The only way to cure it is likely to soak the carb in a cleaning solution with the mixture screws removed (also the diaphragm and any other rubber or plastic parts). The cleaning solution will often destroy the soft parts. Once it has been thoroughly soaked, use compressed air to blow through any of the orifices that may be clogged with gum. Be careful not to inhale or get the solvent in your eyes!! :wink:

Allow the carb to thoroughly dry and re-assemble it and mount it back. It is a good idea to replace all the rubber or plastic tubes in the fuel line feeds. Often there is one inside the fuel tank that gets overlooked! It can get dried out and kinked and prevent proper fuel flow.

Best practice is to remove all fuel from the item prior to storage in the "off season" and treat at least the last fueling with "Sta-Bil" or similar fuel treatment, which decreases the likelihood of degraded fuel gumming up the works.

Before I found this preventive sequence I was buying new equipment every year! :sad:

Best of luck with this one! :grin:

*


----------



## AVB (Nov 28, 2014)

Even here in my shop I don't usually repair these low cost unit simply because of the repair costs.

Though I agree with some of what Wizmo said. The soaking of 2 cycle cube in carburetor cleaner is a no no here in my shop. It's the delicate check valves in the carburetor and hidden o-rings that can be damage by the cleaner. Also using pressurized air can damage these as you can only lightly blow dry them.

Here I use an ultrasonic cleaner with soap and water to clean. The installation carburetor repair kit is usually necessary as the diaphragms are often stiffen, the internal filter usually clogged, and other general clogging. Sometime I can get by just install a new filter screen and the metering diaphragm after cleaning but not always. 
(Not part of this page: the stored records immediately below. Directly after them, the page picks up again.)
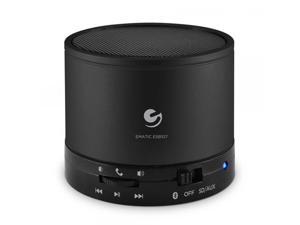 Ematic Bluetooth Wireless Speaker & Speakerphone for iPhone, iPad, iPod, Android devices, & Laptops, Black Ematic Bluetooth Wireless Speaker & Speakerphone for iPhone, iPad, iPod, Android devices, & Laptops, Black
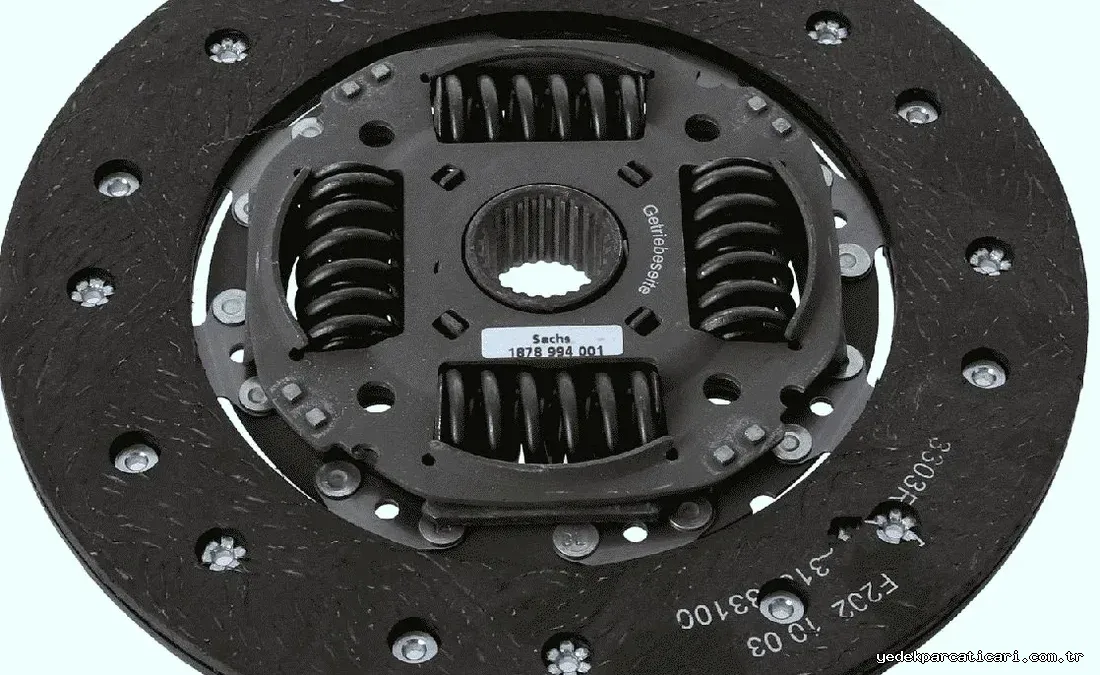 SACHS 1878994001 Debriyaj Seti - SACHS - 1878994001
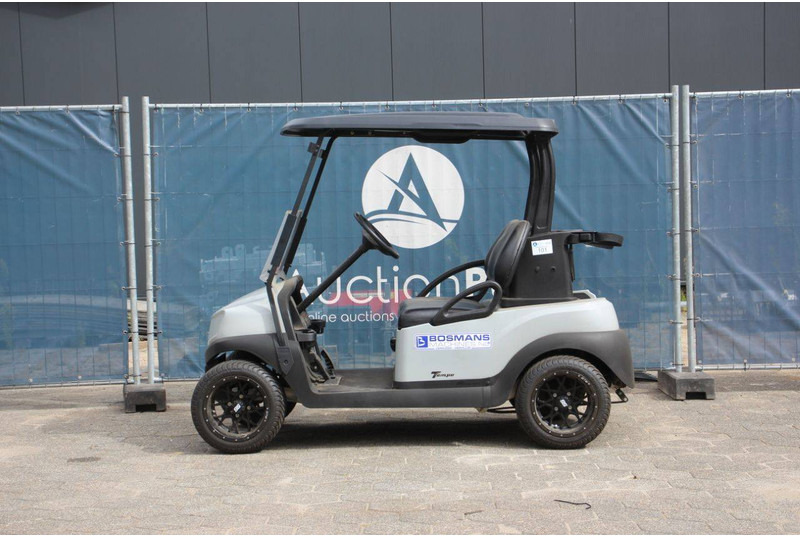 Club-car Tempo - عربة جولف: صورة 2 Club-car Tempo - عربة جولف: صورة 2
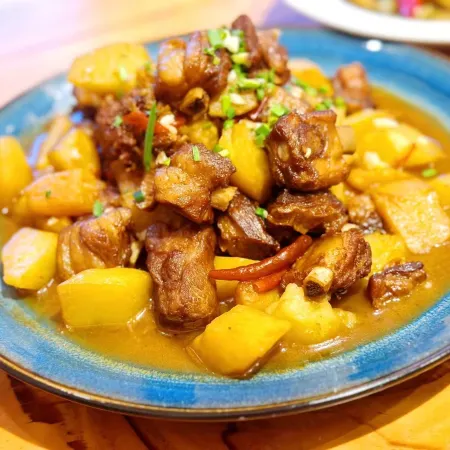 Danqiu Mijing Homestay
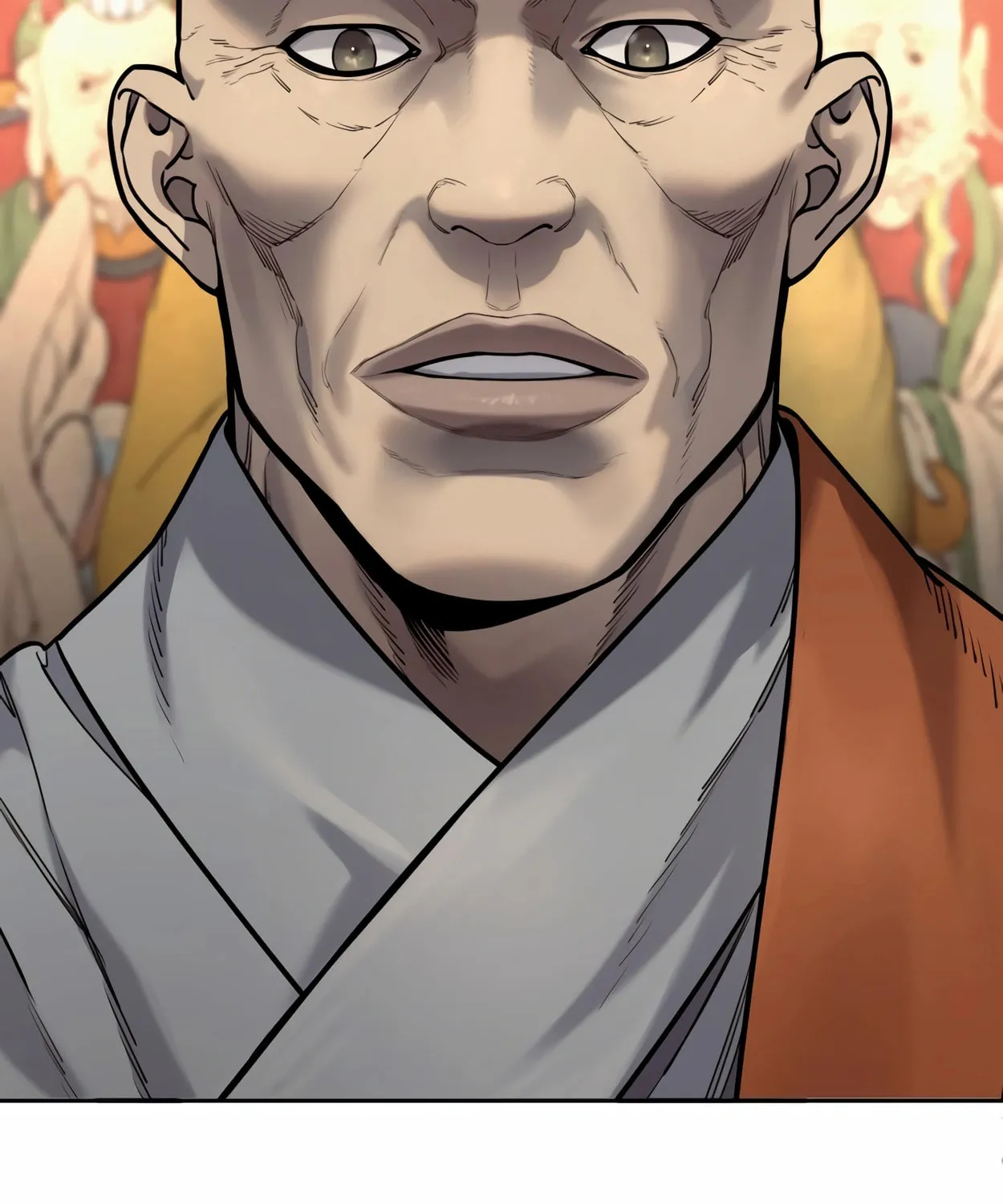 Return of the Bloodthirsty Police Chapter 65 page 136 - 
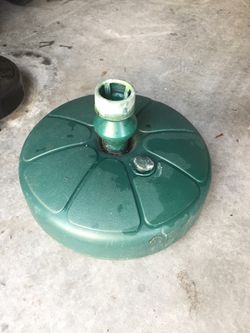 Patio Umbrella Stand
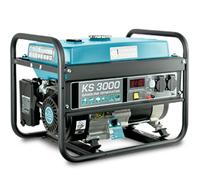 Könner & Söhnen Générateur à essence 2.6Kw 230V Ks 3000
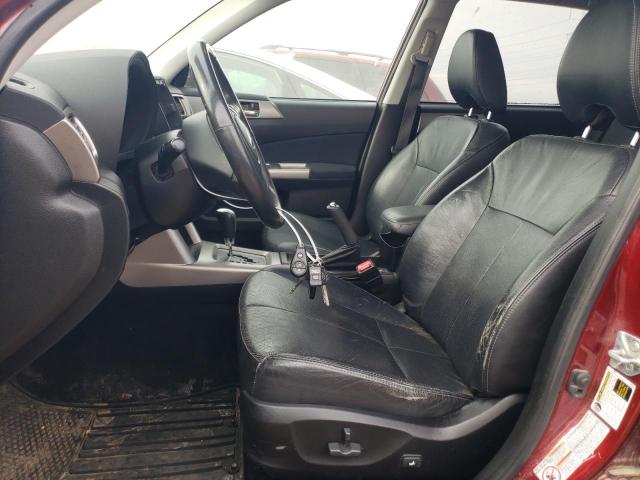 Photo 7 from auction – 2009 SUBARU FORESTER 2 with VIN JF2SH66669H744511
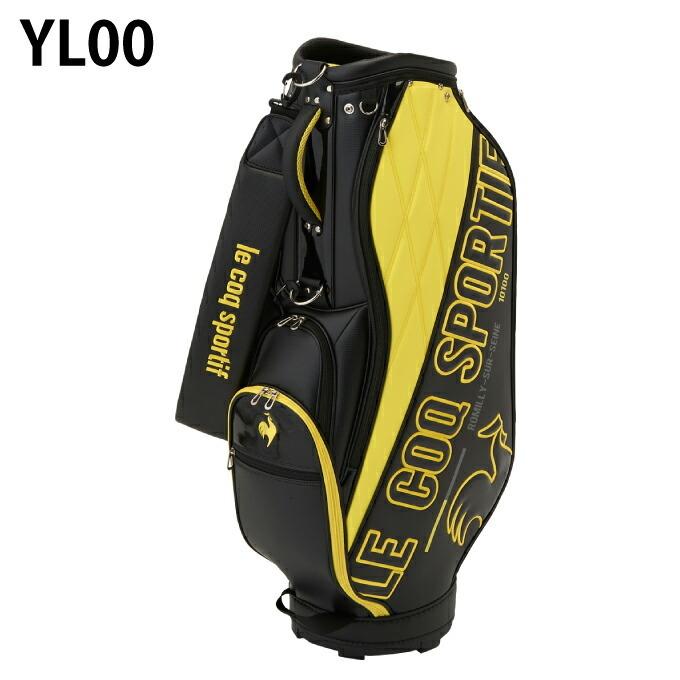 ルコックスポルティフ le coq sportif キャディバッグ メンズ QQBSJJ03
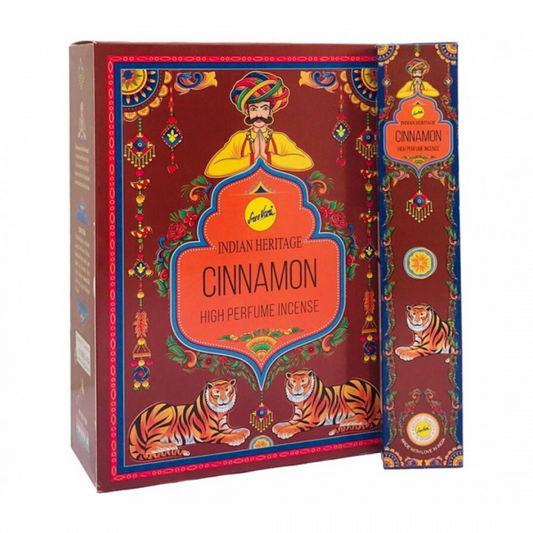 Incenso Indian Heritage - Canela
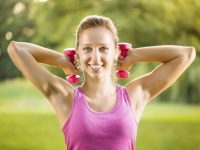 Rotinas de exercícios com pesos para emagrecer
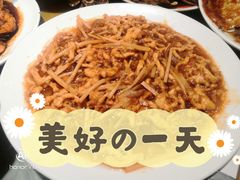 -天津乾毓德饭庄·清真传统炒菜·海鲜烧烤(咸阳路店)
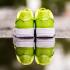 Nike Air Force 1'07 LV8 UV Green Sneakers AJ9505-700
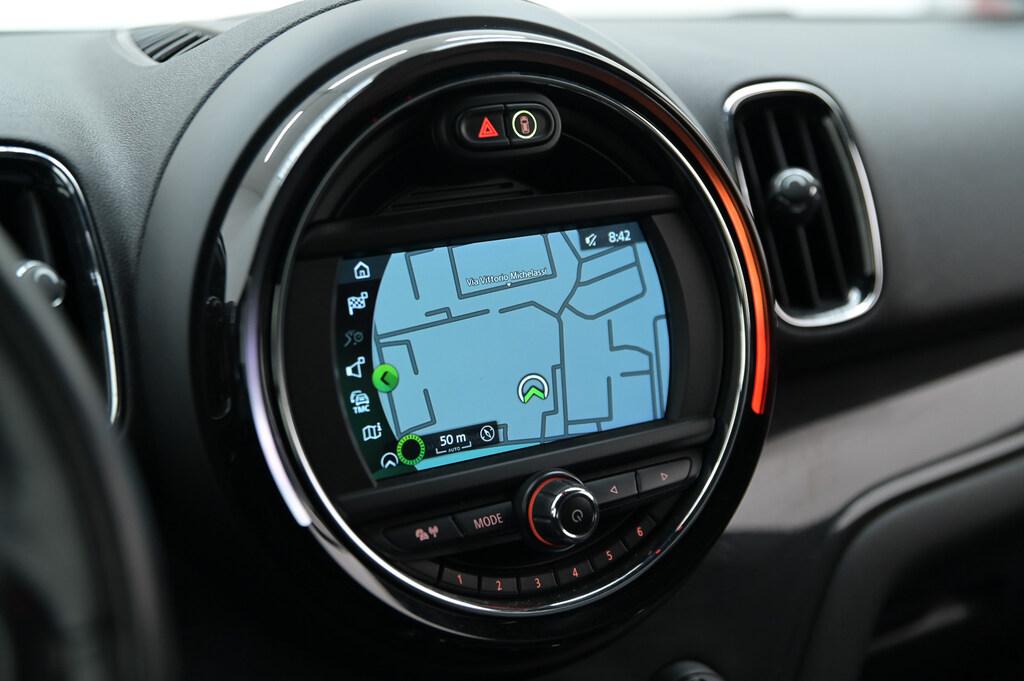 Mini Cooper Countryman 1.5 TwinPower Turbo Cooper Hype Steptronic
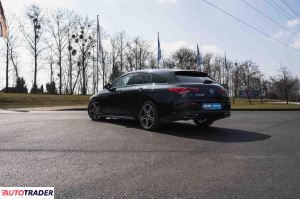 Mercedes Pozostałe 2020 1.3 134 KM Mercedes Pozostałe 2020 1.3 134 KM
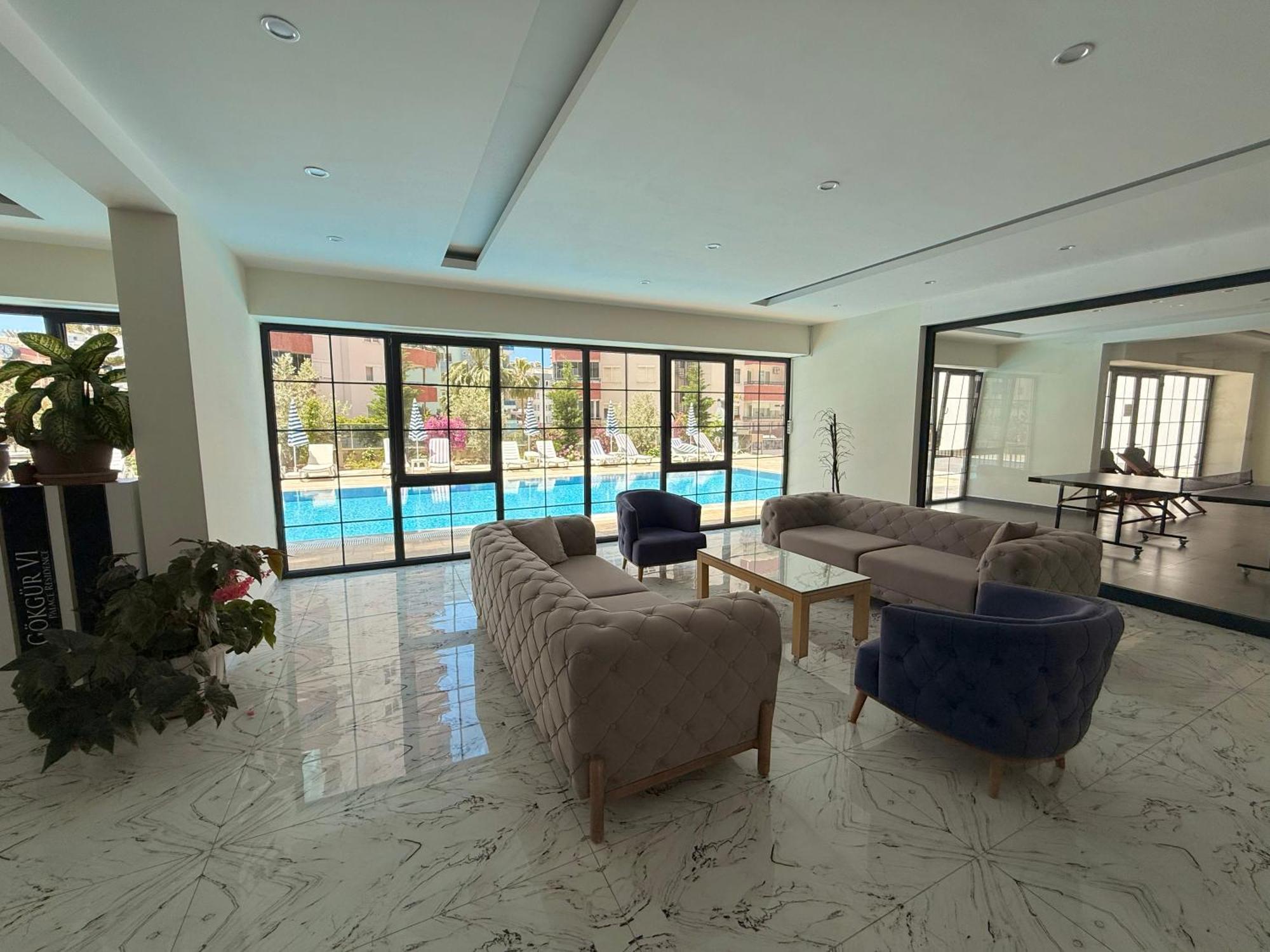 Sa Apartments! 300M To The Beach & Yekta Mall Alanya Exteriér fotografie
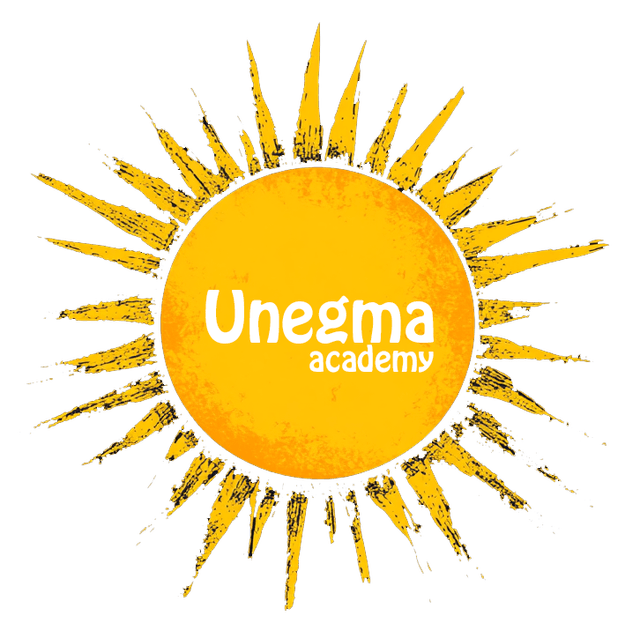 Unegma.Academy Logo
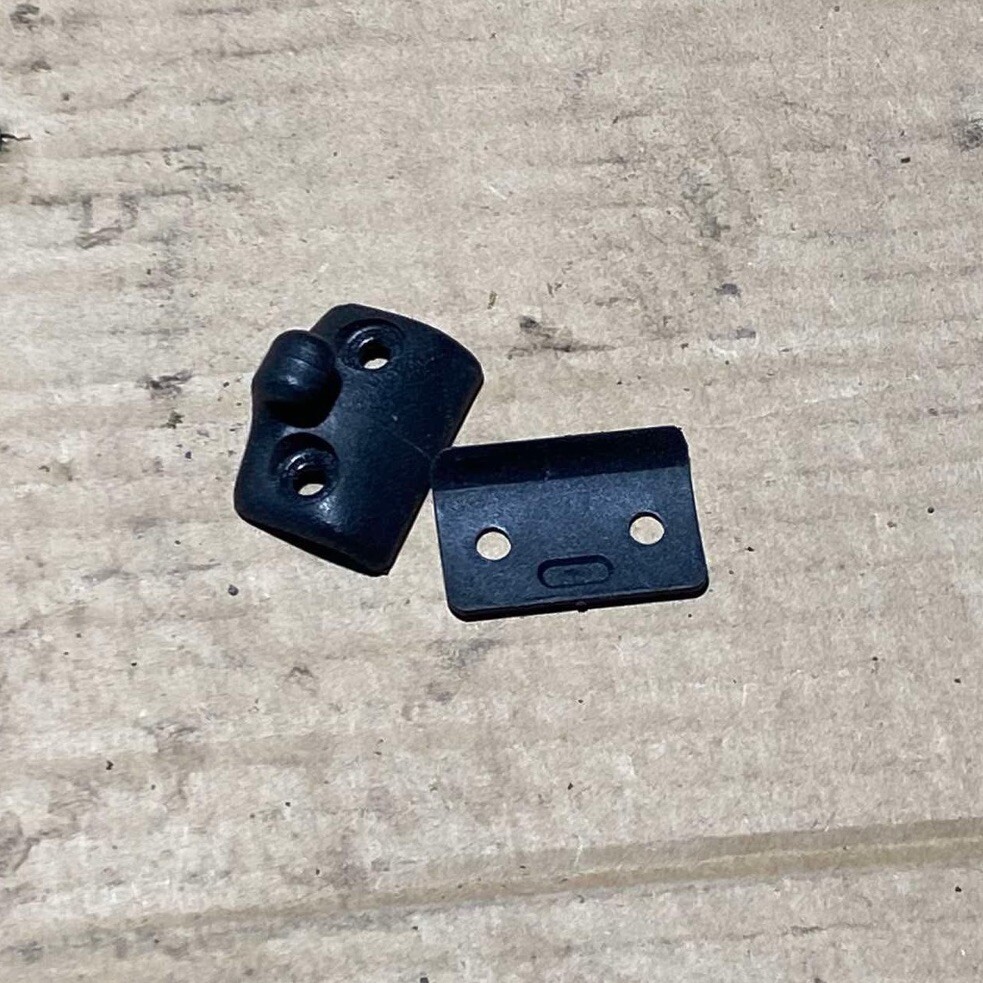 Audi A8 D2 Quattro Interior Rear Door Sun Blind Hook 4A0861337A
You can't expect to simply throw in a kit and hope it works. Often the new metering lever is not set properly. Something to note on the internal filter screens. Depending the style used they can look clean and still be clogged.

As for the initial mixtures screw(s) setting they are usually set at 1-1/2 turns CCW from lightly seated and tuned to final settings after warm up.

Also from your description of how it is acting I am thinking the metering diaphragm is stiffen and not opening the needle valve. Also make you installed the carburetor to intake adapter gasket correctly as if wrong the impulse port may blocked. The reason it works on choke is that there more vacuum to pull in the stiffen diaphragm.

It very possible you have a Ruixing carburetor as many cheap trimmers sold today have these Chinese cube carburetors and their are usually no repair kits available but many of the Zama individual parts are be used to make up a kit but this requires a shop that does a lot 2 cycle work to do and then they they to see the original parts to match them up.


----------



## Wizmo (Apr 3, 2011)

*Hi AVB,

I will bow to your superior experience in this. The Poulan (Craftsman) string trimmer I had kept going for about 15 years after I did the initial "cleaning," then took proper precautions every pre-winter season with fuel treatment, followed by thorough draining. When I moved to the Caribbean 25 years ago, I sold it (still working) to my neighbor at the yard sale. So yeah it was quite a while ago! 

I have since encountered a few here with gummy fuel issues that were corrected by a good soak and blowing out. I agree with you completely about the cheapie Chinese carbs on the newer models. eBay often has a replacement that goes for $25-$30 that has worked for me once or twice with newer models. Some I have had to simply give up on after that didn't work... :sad:


*


----------



## Toothdr (May 20, 2017)

Thank you for the advice. I'm going to try a couple things and then trash it. 

Did something happen last few years? My carborator in my newly lawnmower also had problems. 

I had a lawn mower for 15 years. Never did anything to it. It always started within a few pulls. Now all of a sudden my weed eater and mower both have had to have work. 

I'll let you know of the weed eater starts up or ends up in the trash.


----------